I'm getting weary of this debate about hypothetical substances called things like sodium olivate or sodium palm kernelate, like they were some kind of chemicals. Taking PKO for example, it is not an pure substance composed of a single chemical. It is a mixture of fatty acids including lauric acid, myristic acid, oleic acid, palmitic acid and probably lesser amounts of other fatty acids.

When the sodium hydroxide (lye) reacts with lauric acid it produces a fatty acid salt. I'm just guessing at the name but I suggest this may be sodium laurate. (It also releases glycerin in the reaction.) The lye reacting with myristic acid produces probably sodium myristate or something like that, palmitic turning into sodium palmate, oleic turning into sodium oleate.

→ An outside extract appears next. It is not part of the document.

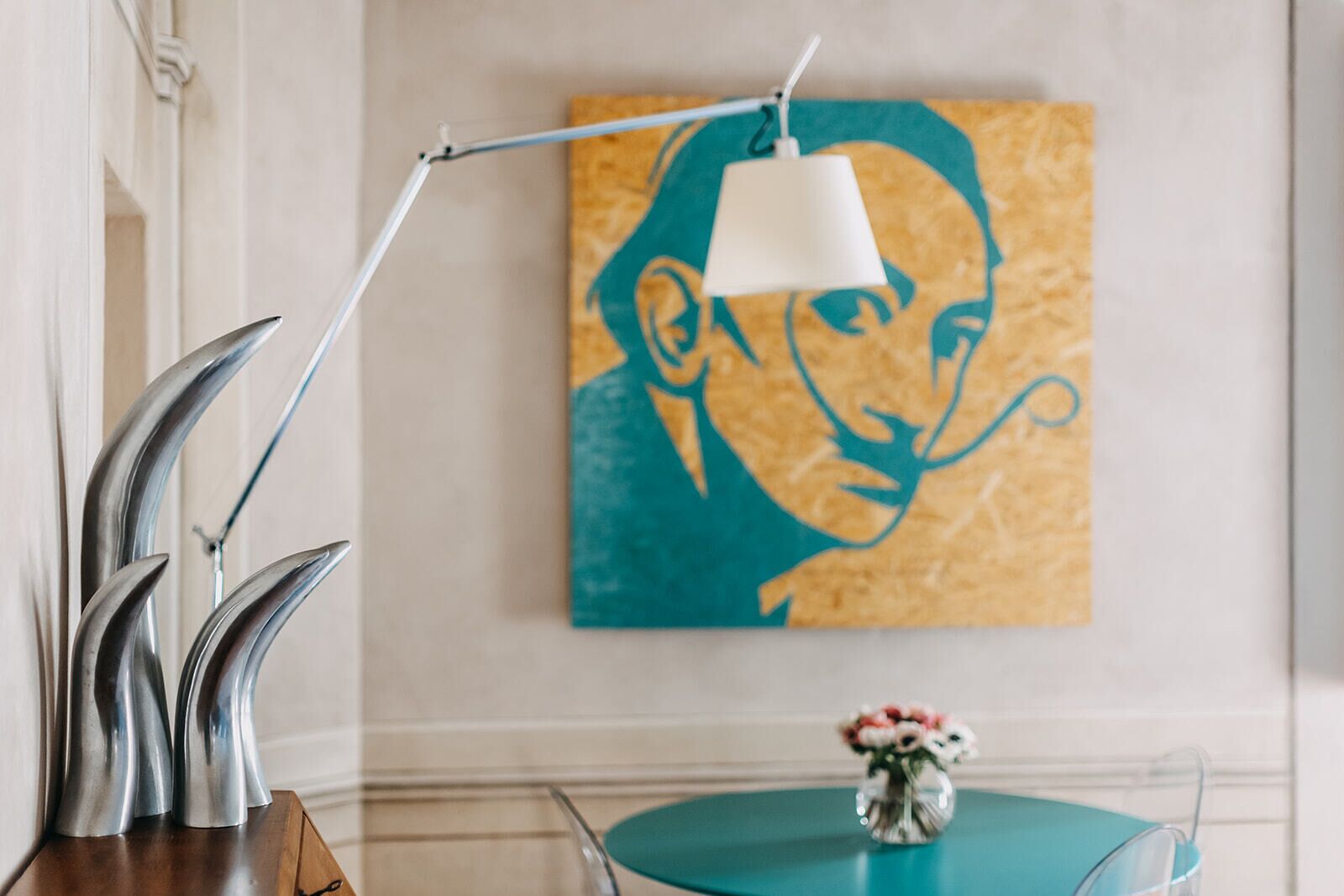 Une pièce avec une table de couleur turquoise, une lampe blanche, une œuvre d’art encadrée et un vase rempli de fleurs.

Fatty acids combine with the alkaline base sodium hydroxide and produce fatty acid salts. A cooking oil is not composed of a single fatty acid so the saponified results will be a variety of fatty acid salts, not just one chemical, not something mythical like sodium palm kernelate.

All that sodium -ate stuff is hype, made up by people who are afraid the public will freak out if they discover that soap is made with drain cleaner. There is no such thing as sodium palm kernelate. It is not a valid chemical. It was made up for advertising purposes. It's a myth.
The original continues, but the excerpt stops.